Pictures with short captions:
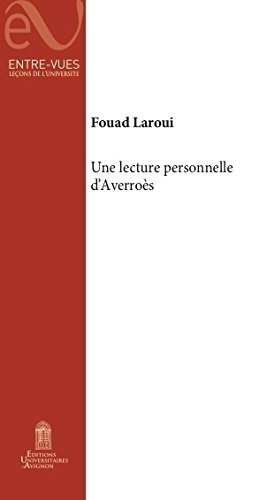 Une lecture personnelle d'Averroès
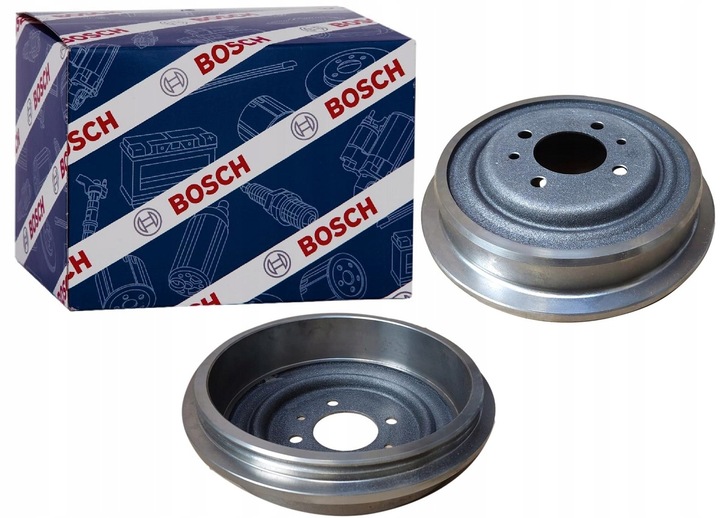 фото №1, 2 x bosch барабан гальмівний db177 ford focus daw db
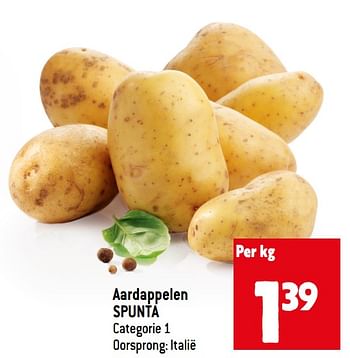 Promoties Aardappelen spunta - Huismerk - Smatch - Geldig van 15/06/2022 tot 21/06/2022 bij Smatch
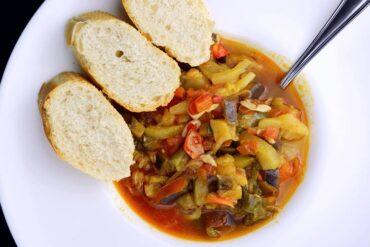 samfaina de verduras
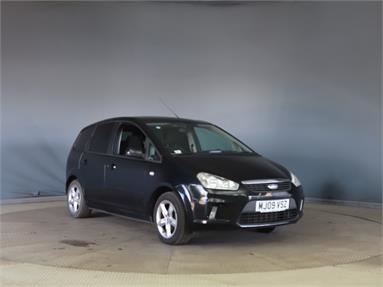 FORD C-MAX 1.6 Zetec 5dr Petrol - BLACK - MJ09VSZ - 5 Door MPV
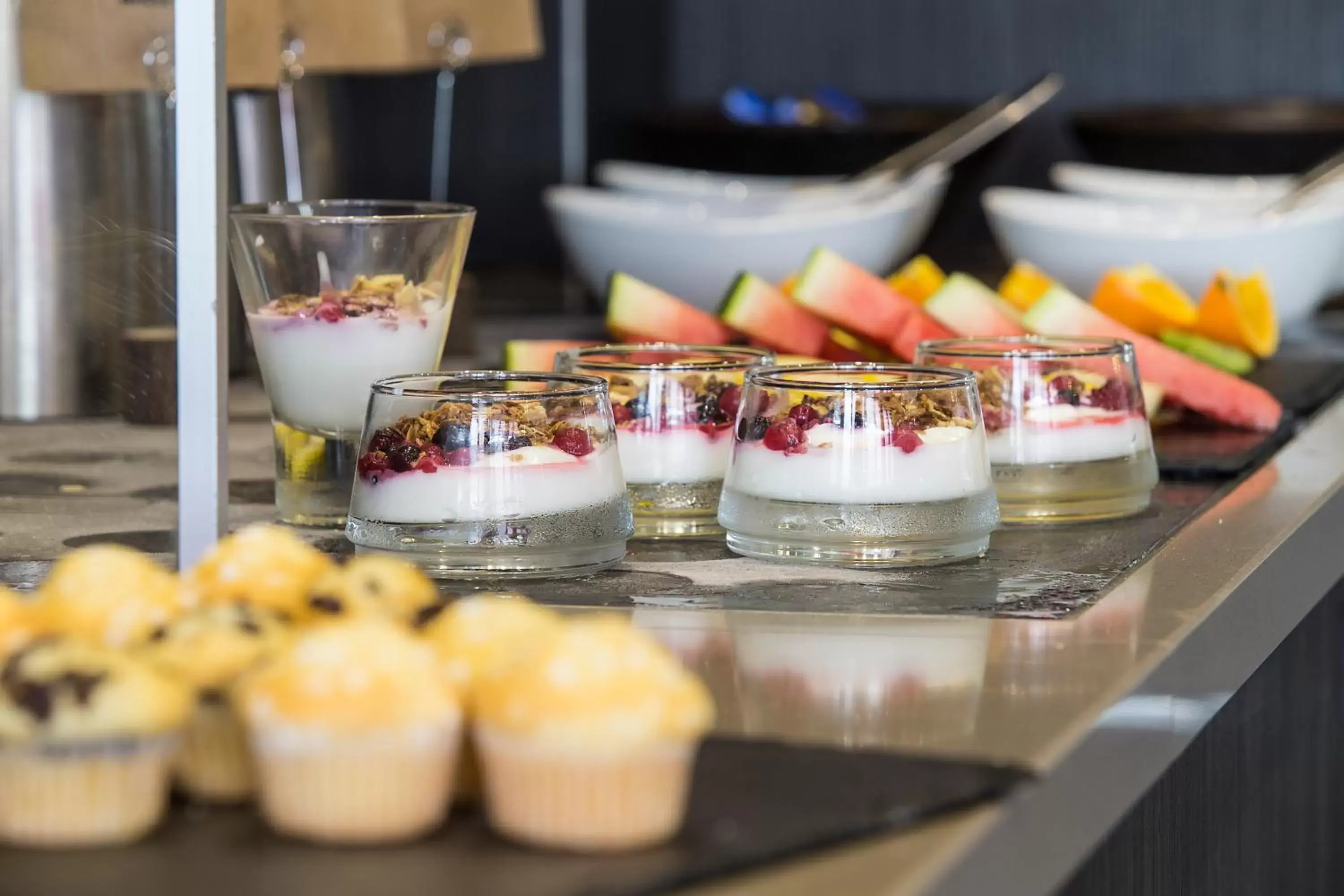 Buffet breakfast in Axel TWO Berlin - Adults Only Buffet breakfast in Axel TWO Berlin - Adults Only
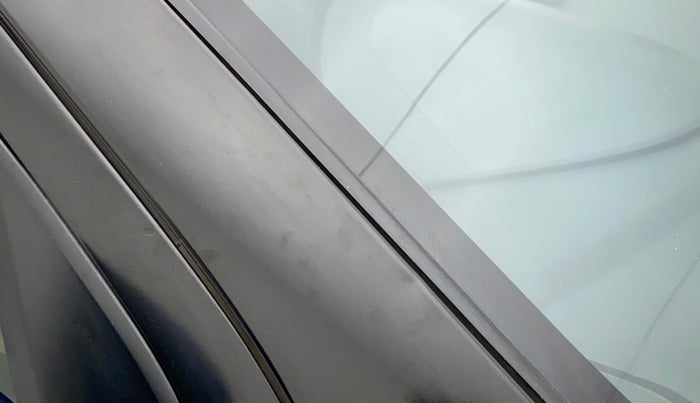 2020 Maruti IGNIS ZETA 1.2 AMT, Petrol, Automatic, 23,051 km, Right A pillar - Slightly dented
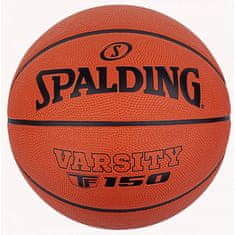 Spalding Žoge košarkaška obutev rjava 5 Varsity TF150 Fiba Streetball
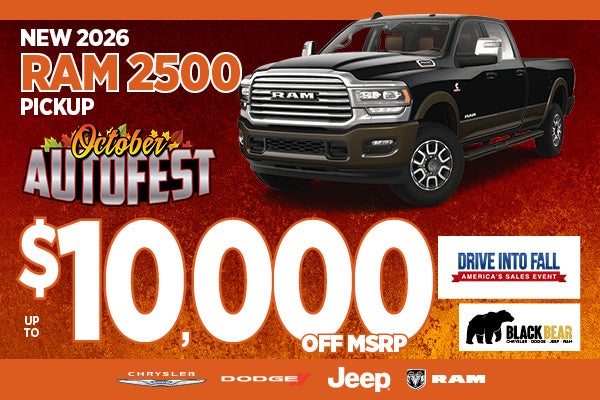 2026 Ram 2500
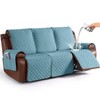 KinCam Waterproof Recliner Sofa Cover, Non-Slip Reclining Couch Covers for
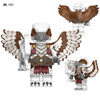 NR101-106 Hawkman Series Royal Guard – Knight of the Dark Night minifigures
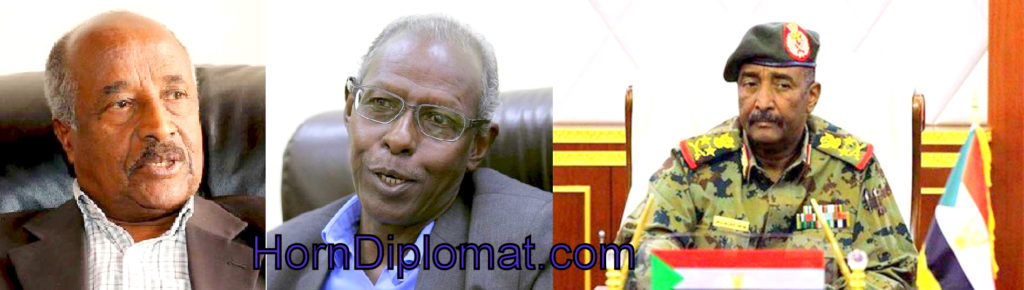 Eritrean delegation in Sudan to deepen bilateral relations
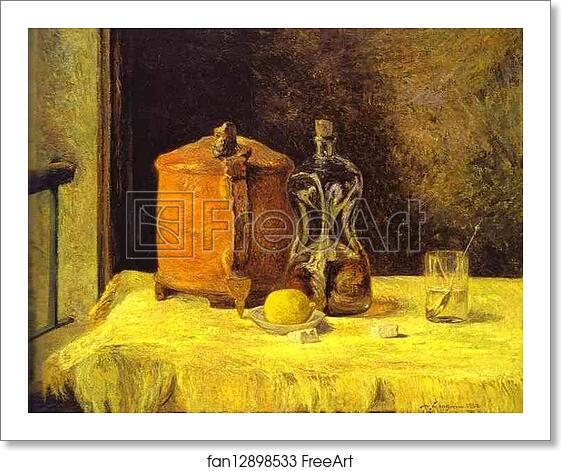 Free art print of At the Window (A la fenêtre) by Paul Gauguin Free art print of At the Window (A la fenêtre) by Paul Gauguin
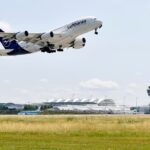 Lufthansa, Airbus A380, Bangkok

* **Work to complete**: Could you transcribe exactly the lines from the one with "NR101-106 Hawkman Series" through the end of the data, both ends included, and nothing else, skipping the pictures?

* **Answer area**:
 NR101-106 Hawkman Series Royal Guard – Knight of the Dark Night minifigures
 Eritrean delegation in Sudan to deepen bilateral relations
 Free art print of At the Window (A la fenêtre) by Paul Gauguin Free art print of At the Window (A la fenêtre) by Paul Gauguin
 Lufthansa, Airbus A380, Bangkok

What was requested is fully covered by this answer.